Raffi Freedman-Gurspan, a former policy advisor for the National Center for Transgender Equality (NCTE), began Monday as outreach and recruitment director for the White House Office of Presidential Personnel.
"[She] demonstrates the kind of leadership this administration champions," White House senior adviser Valerie Jarrett said, according to NBC News. "Her commitment to bettering the lives of transgender Americans, particularly transgender people of color and those in poverty, reflects the values of this Administration."
Gender-equality advocates have hailed the appointment as a crucial step forward for the LGBT community in the face of continuing violence and discrimination, especially towards transgender people.
“President Obama has long said he wants his Administration to look like the American people,” NCTE executive director Mara Keisling said in a statement. “I have understood this to include transgender Americans.”
LGBT advocates have in recent years made steady progress towards gender equality the US; not least of their successes was the Supreme Court’s historic June decision to legalize gay marriage nationwide.
The rise of celebrities such as Laverne Cox, who stars in the Netflix series, “Orange is the New Black,” as well as the very public transformation of Caitlyn Jenner, have also drawn renewed attention to equality issues for transgender people in particular.
“We are having a larger national conversation about transgender issues, and by Caitlyn choosing to tell her story, she’s adding to that conversation,” Nick Adams, a spokesman for LGBT rights advocacy group GLAAD and who is transgender, told the Los Angeles Times following the release of Ms. Jenner's Vanity Fair cover. “It is allowing Americans to feel like they know someone who is transgender and hopefully bringing a greater understanding about what it means to be a transgender person.”
But challenges facing the LGBT community, particularly transgender individuals, remain.

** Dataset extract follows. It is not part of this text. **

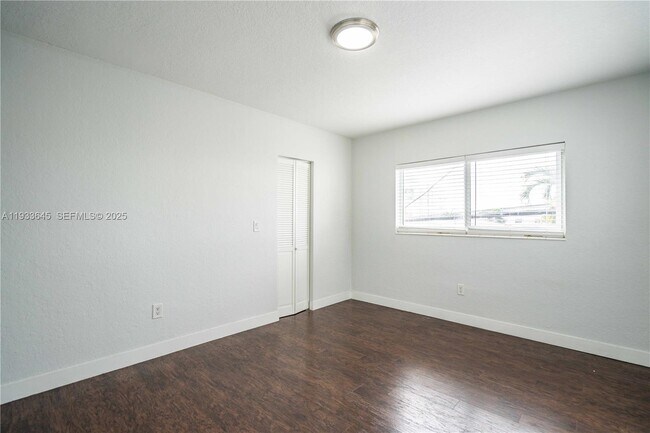 Building Photo - 1940 Biarritz Dr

Crimes against transgender people rose by 13 percent in 2014, and of the 20 documented homicides of LGBT individuals that year, more than half the victims were transgender, according to the most recent report from the National Coalition on Anti-Violence Programs.
Nor is the discrimination limited to outright violence.
In a joint 2011 survey by the NCTE and the National Gay and Lesbian Task Force, about 14 percent of respondents were unemployed, double the general unemployment rate at the time. Forty-seven percent said they had experienced an “adverse job outcome,” such as being fired, not hired, or denied a promotion despite being qualified because of their gender, and 90 percent said they had been harassed or forced to hide who they were at work.
“We have the cover of Vanity Fair, but transgender people lack significant rights in most of the country and experience really, truly, heartbreaking levels of poverty, housing instability, and violence against the community,” Laura Durso, director of the LGBT Research and Communications Project at the Center for American Progress, told The Christian Science Monitor.
These realities highlight why the appointment of a qualified transgender woman like Ms. Freedman-Gurspan to the White House staff is an important step, advocates say. In her time with the NCTE, Freedman-Gurspan has advocated for the improvement of conditions for transgender prisoners, addressing police treatment of transgender communities, and ending violence against transgender women of color, according to Ms. Keisling.
“Raffi’s decade of experience brings important qualities to this historic appointment,” Keisling said.
“As the old saying goes ‘if you’re not in the room, then you can’t possibly be at the table,’ ” Wade Henderson, president and CEO of The Leadership Conference of Human Rights, said in a statement. “Our nation will be stronger with Freedman-Gurspan ... both in the room and at the table as the first openly transgender White House staffer.”